赤ちゃんや小さな子供は、耳抜きをすることが難しいので、離着陸時は飲み物を飲んだり飴などをなめると良いと、よく言われる。タイミングがずれてしまってそれが不可能であった場合など、ツーンとした痛みが耳を襲い、赤ちゃんは火がついたように泣き出すのだ。

目的地に到着するという正にその時、機内のあちこちで聞こえる泣き声は本当に痛々しく、更に横についている親御さんの気持ちを思うと、本当に辛く思う恒例のひとときである。

そしてそんな時、耳抜きができずつばを飲み込んでも回避できなかった大人は、ひたすら痛みに耐え続けるしかないのだが、、、その大人の中に常に数えられるのが菜津子であった。何度か挑戦はしてみたものの一向にできる気配もなく、既に諦めていたのである。

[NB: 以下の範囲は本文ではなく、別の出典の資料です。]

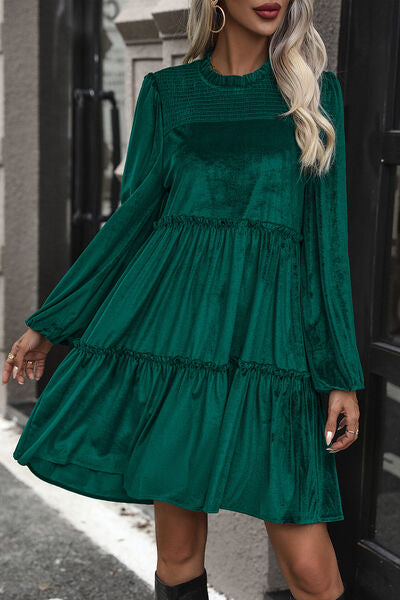 Smocked Balloon Sleeve Frill Trim Tiered Dress | 1mrk.com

パースで訪れた、キングス・パークにて。キヨ君、何を思う... 15日目より


船酔いも嫌だし耳抜きもできない。免許を取りたいという気持ちもさほどないので、スキューバ・ダイビングは猛だけが参加すればよいだろうと思っていた菜津子であったが、ここ数日のケンカで、さすがに関係修復に向けた何かをしなければという気にもなっていた。

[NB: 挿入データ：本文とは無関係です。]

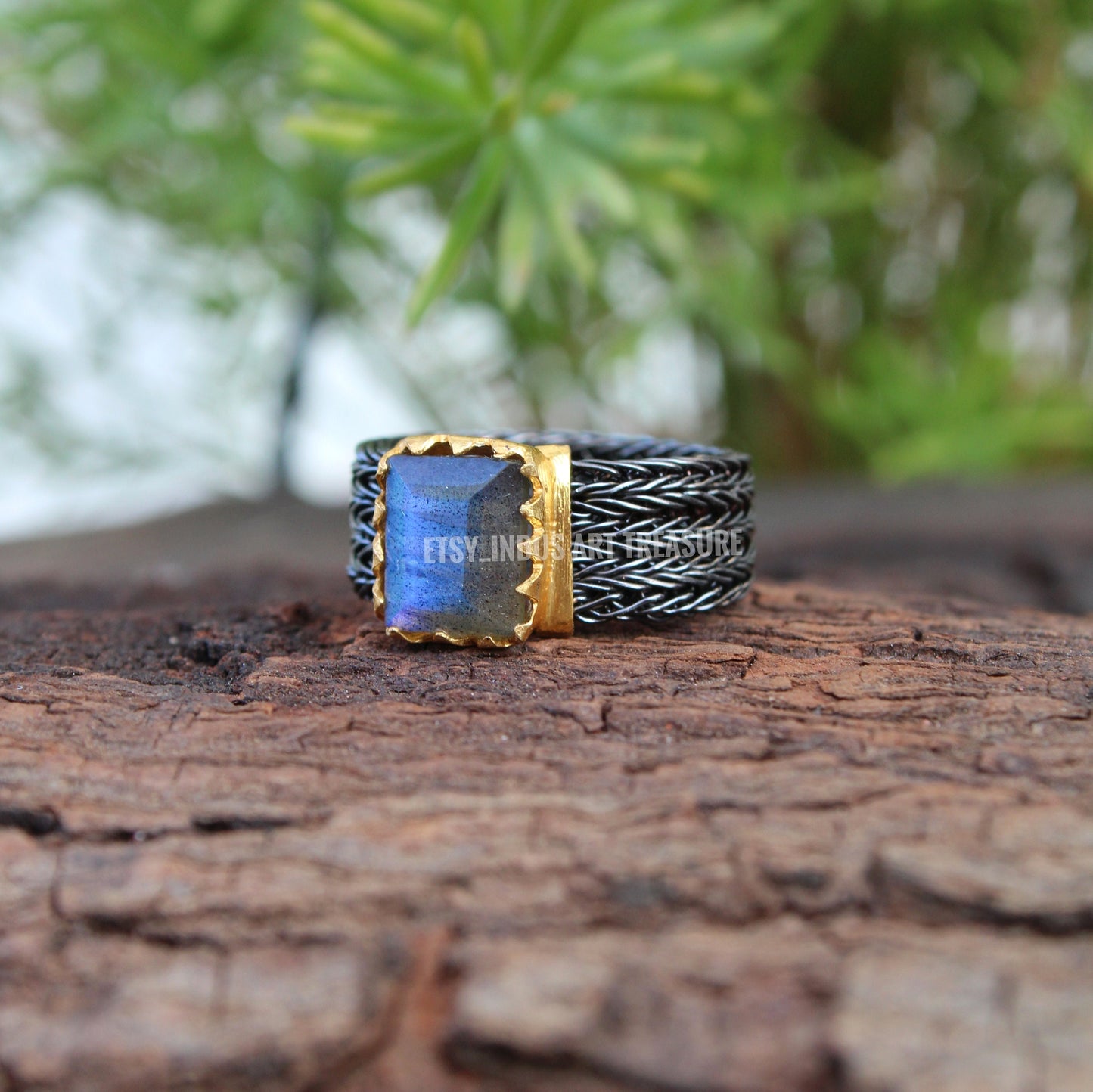 Blue Labradorite Gold Plated and Back Rhodium Ring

そして今、できることといえば、“ぜーーーったい行かない”と言っていたスキューバ・ダイビングのライセンスを一緒に取ることだと思えたのだ。

よく“思いつきで何でも口にする”と猛に叱られる菜津子は、この時もこの場の思いつきで、自分の考えを口走ってしまった。

そして、、、猛は意外にも喜んだのだ。


思い出深い、キンバリーツアーの写真。...25日目より


旅行代理店に着いた私達は、早速自分たちの問題を並べ、こんな私達でもコースを受けられるかを聞いてみた。すると幸運なことに、“グリーン島”という場所で実習を行うコースがあり、このコースではダイブの度に島に一度戻るので、船酔いの心配が少ないという事を聞いたのである。


料金は少し高めで、3日間コースで一人約300ドル(2002年当時、約22,000円)。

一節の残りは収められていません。